Simplifying Freedman-Lane

Doing a permutation test with the general linear model (GLM) in the presence of nuisance variables can be challenging. Let the model be:

\mathbf{Y} = \mathbf{X}\boldsymbol{\beta} + \mathbf{Z}\boldsymbol{\gamma} + \boldsymbol{\epsilon}

where \mathbf{Y} is a matrix of observed variables, \mathbf{X} is a matrix of predictors of interest, \mathbf{Z} is a matrix of covariates (of no interest), and \boldsymbol{\epsilon} is a matrix of the same size as \mathbf{Y} with the residuals.

Because the interest is in testing the relationship between \mathbf{Y} and \mathbf{X}, in principle it would be these that would need be permuted, but doing so also breaks the relationship with \mathbf{Z}, which would be undesirable.
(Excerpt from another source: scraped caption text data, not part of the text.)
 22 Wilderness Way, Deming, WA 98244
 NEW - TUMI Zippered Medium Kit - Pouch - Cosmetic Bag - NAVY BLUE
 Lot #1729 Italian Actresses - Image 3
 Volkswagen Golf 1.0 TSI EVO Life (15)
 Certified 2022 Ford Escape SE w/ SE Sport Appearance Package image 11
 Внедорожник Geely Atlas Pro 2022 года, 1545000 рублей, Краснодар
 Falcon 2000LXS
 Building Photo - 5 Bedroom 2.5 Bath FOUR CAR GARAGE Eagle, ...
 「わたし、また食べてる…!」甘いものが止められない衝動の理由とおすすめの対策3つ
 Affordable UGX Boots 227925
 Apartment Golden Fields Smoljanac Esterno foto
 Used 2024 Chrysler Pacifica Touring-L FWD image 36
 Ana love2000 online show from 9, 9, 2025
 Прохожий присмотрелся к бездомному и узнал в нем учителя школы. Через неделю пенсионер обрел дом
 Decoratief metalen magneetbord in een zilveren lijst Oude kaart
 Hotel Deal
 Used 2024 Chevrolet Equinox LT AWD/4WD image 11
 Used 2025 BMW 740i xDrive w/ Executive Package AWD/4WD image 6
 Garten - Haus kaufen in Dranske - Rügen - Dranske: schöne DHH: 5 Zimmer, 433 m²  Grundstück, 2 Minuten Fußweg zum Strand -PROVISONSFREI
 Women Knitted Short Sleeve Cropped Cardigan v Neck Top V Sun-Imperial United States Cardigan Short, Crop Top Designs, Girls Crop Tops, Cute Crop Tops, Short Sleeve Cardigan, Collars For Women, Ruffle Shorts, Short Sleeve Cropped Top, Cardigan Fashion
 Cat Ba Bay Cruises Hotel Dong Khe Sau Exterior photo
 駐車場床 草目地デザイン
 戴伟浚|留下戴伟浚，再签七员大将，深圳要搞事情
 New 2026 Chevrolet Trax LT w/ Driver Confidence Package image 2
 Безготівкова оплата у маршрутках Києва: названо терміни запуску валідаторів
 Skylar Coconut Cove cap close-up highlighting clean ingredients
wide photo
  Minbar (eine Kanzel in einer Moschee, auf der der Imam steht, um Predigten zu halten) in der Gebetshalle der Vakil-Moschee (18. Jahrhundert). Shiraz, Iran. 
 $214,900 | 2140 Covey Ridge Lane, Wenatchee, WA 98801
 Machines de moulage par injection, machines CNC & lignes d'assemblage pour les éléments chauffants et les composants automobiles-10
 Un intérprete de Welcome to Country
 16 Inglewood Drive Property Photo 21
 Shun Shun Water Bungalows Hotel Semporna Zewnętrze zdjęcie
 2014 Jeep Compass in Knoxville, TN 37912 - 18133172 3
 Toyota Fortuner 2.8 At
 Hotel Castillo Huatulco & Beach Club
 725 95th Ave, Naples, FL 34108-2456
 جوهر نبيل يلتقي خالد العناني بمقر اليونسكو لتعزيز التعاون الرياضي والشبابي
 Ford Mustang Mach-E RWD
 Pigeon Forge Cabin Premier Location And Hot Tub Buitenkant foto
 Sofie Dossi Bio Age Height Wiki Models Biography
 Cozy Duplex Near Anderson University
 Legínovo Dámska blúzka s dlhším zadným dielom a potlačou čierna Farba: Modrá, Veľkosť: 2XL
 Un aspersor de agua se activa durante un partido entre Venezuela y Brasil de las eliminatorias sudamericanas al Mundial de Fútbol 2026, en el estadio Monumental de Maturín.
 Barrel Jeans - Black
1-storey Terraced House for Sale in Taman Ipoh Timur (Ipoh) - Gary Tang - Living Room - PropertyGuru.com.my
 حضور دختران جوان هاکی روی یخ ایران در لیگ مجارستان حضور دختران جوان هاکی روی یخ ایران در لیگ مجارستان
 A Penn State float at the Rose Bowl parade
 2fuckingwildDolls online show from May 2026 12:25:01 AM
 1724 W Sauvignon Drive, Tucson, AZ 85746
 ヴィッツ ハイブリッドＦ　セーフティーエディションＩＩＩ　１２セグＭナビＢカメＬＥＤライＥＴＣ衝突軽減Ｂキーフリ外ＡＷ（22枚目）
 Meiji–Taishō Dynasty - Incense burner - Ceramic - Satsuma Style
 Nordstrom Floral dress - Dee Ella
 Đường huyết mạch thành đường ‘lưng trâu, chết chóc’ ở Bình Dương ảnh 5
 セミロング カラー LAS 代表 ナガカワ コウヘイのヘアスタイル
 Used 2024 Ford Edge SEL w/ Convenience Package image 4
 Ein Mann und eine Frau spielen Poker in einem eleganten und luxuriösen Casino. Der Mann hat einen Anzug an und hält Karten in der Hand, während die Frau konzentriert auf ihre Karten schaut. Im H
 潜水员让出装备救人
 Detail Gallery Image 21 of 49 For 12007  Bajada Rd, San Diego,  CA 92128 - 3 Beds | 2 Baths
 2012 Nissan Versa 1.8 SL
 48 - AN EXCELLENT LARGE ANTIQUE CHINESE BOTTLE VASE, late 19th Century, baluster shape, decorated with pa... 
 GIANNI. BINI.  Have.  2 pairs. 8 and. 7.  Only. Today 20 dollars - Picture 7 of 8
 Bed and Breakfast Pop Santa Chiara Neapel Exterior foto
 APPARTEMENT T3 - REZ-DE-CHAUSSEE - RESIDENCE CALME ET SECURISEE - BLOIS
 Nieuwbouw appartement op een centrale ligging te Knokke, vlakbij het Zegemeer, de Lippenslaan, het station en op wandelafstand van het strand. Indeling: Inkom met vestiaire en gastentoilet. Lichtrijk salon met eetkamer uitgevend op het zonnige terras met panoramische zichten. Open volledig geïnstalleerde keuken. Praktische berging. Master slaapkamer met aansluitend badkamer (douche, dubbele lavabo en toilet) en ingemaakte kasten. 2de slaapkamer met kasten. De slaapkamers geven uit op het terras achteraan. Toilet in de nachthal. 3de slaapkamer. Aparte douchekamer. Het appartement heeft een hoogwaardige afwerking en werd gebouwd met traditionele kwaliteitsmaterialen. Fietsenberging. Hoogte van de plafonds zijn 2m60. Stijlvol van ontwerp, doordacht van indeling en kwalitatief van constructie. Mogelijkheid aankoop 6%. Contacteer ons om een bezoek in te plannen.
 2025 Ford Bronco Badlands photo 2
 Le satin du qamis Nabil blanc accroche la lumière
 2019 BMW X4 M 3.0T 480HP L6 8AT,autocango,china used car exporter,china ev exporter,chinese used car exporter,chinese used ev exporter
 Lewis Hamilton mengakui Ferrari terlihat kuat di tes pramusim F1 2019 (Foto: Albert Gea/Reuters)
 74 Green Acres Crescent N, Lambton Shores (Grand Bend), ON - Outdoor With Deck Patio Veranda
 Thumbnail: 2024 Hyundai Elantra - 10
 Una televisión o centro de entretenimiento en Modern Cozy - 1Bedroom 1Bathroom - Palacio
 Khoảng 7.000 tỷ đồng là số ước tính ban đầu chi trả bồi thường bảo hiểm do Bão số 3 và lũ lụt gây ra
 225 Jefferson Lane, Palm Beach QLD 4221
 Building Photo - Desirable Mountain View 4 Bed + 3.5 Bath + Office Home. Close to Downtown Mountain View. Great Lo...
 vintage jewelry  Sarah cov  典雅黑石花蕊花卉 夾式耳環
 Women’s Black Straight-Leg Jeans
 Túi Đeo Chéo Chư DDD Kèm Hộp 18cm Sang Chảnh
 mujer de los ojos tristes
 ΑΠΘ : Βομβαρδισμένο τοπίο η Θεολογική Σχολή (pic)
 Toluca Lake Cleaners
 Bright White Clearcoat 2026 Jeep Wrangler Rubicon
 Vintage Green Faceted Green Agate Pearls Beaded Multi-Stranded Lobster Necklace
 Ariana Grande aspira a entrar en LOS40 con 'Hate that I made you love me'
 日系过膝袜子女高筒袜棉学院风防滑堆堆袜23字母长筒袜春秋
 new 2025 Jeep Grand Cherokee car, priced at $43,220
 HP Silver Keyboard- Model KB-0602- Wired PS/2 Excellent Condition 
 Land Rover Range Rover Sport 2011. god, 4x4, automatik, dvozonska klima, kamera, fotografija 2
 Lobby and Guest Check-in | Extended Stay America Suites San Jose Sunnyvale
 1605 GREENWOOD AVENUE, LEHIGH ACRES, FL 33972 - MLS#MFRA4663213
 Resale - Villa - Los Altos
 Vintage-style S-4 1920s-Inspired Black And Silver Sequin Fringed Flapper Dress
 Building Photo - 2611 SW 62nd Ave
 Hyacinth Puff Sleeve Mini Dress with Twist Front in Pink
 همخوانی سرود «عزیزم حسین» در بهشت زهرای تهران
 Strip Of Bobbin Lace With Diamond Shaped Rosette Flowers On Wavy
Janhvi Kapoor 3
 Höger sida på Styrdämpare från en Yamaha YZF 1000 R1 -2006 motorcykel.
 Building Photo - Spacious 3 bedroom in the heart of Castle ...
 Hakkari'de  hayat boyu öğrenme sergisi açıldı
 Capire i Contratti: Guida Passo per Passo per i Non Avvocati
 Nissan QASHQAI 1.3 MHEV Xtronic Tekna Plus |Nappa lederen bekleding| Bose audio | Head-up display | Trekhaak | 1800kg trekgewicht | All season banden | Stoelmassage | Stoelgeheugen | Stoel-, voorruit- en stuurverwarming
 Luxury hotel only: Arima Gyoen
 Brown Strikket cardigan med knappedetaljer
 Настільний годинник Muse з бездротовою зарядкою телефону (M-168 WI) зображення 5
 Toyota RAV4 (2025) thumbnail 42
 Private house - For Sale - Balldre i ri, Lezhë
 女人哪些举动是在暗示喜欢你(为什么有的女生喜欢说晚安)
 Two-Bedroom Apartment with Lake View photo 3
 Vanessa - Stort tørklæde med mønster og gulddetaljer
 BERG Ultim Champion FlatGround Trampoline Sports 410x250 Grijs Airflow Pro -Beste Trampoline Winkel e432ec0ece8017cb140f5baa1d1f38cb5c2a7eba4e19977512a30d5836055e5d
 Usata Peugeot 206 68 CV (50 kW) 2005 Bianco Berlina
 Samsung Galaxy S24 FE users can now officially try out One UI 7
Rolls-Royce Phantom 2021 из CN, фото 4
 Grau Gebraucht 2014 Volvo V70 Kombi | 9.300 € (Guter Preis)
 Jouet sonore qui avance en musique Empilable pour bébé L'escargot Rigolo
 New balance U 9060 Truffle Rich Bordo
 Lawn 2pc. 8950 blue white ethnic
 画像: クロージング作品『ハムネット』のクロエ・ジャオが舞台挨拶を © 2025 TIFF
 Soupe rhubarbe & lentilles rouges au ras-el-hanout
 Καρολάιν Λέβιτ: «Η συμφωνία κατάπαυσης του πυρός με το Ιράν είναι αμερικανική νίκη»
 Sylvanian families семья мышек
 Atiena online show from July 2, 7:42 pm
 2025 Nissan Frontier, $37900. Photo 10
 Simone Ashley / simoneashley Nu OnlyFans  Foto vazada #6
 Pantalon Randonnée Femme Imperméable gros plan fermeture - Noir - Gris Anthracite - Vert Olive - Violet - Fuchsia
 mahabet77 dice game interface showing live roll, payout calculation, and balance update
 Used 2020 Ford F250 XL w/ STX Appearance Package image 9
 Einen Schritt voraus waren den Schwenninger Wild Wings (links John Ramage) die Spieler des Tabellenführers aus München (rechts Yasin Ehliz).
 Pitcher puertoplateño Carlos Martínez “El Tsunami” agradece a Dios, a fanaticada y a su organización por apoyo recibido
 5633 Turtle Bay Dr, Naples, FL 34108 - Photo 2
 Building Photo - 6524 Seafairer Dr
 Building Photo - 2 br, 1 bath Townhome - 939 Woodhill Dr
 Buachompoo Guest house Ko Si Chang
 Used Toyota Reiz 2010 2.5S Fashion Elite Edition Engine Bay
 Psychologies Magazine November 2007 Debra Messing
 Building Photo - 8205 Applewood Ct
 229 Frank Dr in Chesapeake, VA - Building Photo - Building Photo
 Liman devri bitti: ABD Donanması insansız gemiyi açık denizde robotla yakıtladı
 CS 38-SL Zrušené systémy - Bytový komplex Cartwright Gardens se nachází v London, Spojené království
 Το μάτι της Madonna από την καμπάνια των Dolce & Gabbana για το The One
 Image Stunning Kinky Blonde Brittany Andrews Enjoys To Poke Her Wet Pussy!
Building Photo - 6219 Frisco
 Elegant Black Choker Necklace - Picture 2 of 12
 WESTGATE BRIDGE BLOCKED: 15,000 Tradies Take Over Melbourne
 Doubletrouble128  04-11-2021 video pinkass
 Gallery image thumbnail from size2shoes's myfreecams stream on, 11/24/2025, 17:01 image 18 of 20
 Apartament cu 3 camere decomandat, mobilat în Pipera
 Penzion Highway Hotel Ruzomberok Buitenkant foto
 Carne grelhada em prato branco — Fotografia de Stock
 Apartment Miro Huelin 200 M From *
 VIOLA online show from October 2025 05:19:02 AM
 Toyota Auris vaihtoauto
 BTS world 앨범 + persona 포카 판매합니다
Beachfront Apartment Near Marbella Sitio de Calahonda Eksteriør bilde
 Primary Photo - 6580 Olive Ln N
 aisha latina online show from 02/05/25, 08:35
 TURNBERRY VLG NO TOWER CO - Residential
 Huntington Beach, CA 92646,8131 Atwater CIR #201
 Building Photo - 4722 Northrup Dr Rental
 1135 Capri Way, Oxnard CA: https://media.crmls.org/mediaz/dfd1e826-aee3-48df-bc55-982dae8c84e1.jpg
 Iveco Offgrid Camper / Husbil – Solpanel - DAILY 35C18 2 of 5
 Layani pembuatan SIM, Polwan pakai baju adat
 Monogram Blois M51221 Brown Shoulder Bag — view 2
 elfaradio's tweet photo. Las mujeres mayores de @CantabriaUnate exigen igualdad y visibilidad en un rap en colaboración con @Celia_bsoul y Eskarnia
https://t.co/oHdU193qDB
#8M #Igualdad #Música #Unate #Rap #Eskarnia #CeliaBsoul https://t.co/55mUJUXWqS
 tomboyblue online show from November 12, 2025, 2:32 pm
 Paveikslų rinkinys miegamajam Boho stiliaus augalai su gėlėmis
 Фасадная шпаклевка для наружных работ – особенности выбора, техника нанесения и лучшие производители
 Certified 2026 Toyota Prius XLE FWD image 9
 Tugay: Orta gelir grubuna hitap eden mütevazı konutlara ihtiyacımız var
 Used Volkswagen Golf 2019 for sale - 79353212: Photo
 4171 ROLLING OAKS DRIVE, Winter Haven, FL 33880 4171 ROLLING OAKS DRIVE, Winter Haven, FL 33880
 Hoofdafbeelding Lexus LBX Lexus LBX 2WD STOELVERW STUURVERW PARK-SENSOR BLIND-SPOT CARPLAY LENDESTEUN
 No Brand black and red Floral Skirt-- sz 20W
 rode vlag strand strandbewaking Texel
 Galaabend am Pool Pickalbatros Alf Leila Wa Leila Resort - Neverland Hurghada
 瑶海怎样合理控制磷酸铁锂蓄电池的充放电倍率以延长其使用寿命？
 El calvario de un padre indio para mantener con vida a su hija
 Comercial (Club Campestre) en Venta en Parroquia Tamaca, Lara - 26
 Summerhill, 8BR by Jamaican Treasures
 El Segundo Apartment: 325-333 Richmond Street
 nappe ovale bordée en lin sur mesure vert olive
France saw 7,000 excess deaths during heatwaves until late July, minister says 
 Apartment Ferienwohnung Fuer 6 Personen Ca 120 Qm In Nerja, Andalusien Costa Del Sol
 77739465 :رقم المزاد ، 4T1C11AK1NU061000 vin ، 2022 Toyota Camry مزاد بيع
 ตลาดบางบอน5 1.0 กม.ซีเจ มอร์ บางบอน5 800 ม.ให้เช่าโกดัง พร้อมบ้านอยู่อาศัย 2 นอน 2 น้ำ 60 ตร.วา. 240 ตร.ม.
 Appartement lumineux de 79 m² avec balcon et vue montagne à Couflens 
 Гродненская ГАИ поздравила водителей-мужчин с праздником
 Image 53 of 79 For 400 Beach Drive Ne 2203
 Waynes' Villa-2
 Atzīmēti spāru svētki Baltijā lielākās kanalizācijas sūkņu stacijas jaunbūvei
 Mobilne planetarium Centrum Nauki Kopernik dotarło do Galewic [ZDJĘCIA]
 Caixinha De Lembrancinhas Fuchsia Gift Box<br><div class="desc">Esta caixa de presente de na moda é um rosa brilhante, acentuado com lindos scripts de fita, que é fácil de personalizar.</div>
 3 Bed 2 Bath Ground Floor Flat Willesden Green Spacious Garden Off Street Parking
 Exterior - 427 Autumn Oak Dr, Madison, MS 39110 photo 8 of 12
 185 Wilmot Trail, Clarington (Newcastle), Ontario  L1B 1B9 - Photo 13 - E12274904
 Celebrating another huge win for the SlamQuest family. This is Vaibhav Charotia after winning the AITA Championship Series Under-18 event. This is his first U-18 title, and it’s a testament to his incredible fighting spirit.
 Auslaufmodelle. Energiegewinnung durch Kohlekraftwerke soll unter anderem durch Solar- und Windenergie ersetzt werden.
Over the years, many methods have been proposed. A review can be found in Winkler et al. (2014); other previous work include the papers by Anderson and Legendre (1999) and Anderson and Robinson (2001).

One of these various methods is the one published in Freedman and Lane (1983), which consists of permuting data that has been residualised with respect to the covariates, then estimated covariate effects added back, then the full model fitted again. The procedure can be performed through the following steps:

  1. Regress \mathbf{Y} against the full model that contains both the effects of interest and the nuisance variables, i.e., \mathbf{Y} = \mathbf{X}\boldsymbol{\beta} + \mathbf{Z}\boldsymbol{\gamma} + \boldsymbol{\epsilon}. Use the estimated parameters \boldsymbol{\hat{\beta}} to compute the statistic of interest, and call this statistic T_{0}.
  2. Regress \mathbf{Y} against a reduced model that contains only the covariates, i.e. \mathbf{Y} = \mathbf{Z}\boldsymbol{\gamma} + \boldsymbol{\epsilon}_{\mathbf{Z}}, obtaining estimated parameters \boldsymbol{\hat{\gamma}} and estimated residuals \boldsymbol{\hat{\epsilon}}_{\mathbf{Z}}.
  3. Compute a set of permuted data \mathbf{Y}^{*}_{j}. This is done by pre-multiplying the residuals from the reduced model produced in the previous step, \boldsymbol{\hat{\epsilon}}_{\mathbf{Z}}, by a permutation matrix, \mathbf{P}{j}, then adding back the estimated nuisance effects, i.e. \mathbf{Y}^{*}_{j} = \mathbf{P}_{j}\boldsymbol{\hat{\epsilon}}_{\mathbf{Z}} + \mathbf{Z}\boldsymbol{\hat{\gamma}}.
  4. Regress the permuted data \mathbf{Y}^{*}_{j} against the full model, i.e. \mathbf{Y}^{*}_{j} = \mathbf{X}\boldsymbol{\beta} + \mathbf{Z}\boldsymbol{\gamma} + \boldsymbol{\epsilon}
  5. Use the estimated \boldsymbol{\hat{\beta}}^{*}_{j} to compute the statistic of interest. Call this statistic T^{*}_{j}.
  6. Repeat the Steps 2-4 many times to build the reference distribution of T^{*} under the null hypothesis of no association between \mathbf{Y} and \mathbf{X}.
  7. Count how many times T^{*}_{j} was found to be equal to or larger than T_{0}, and divide the count by the number of permutations; the result is the p-value.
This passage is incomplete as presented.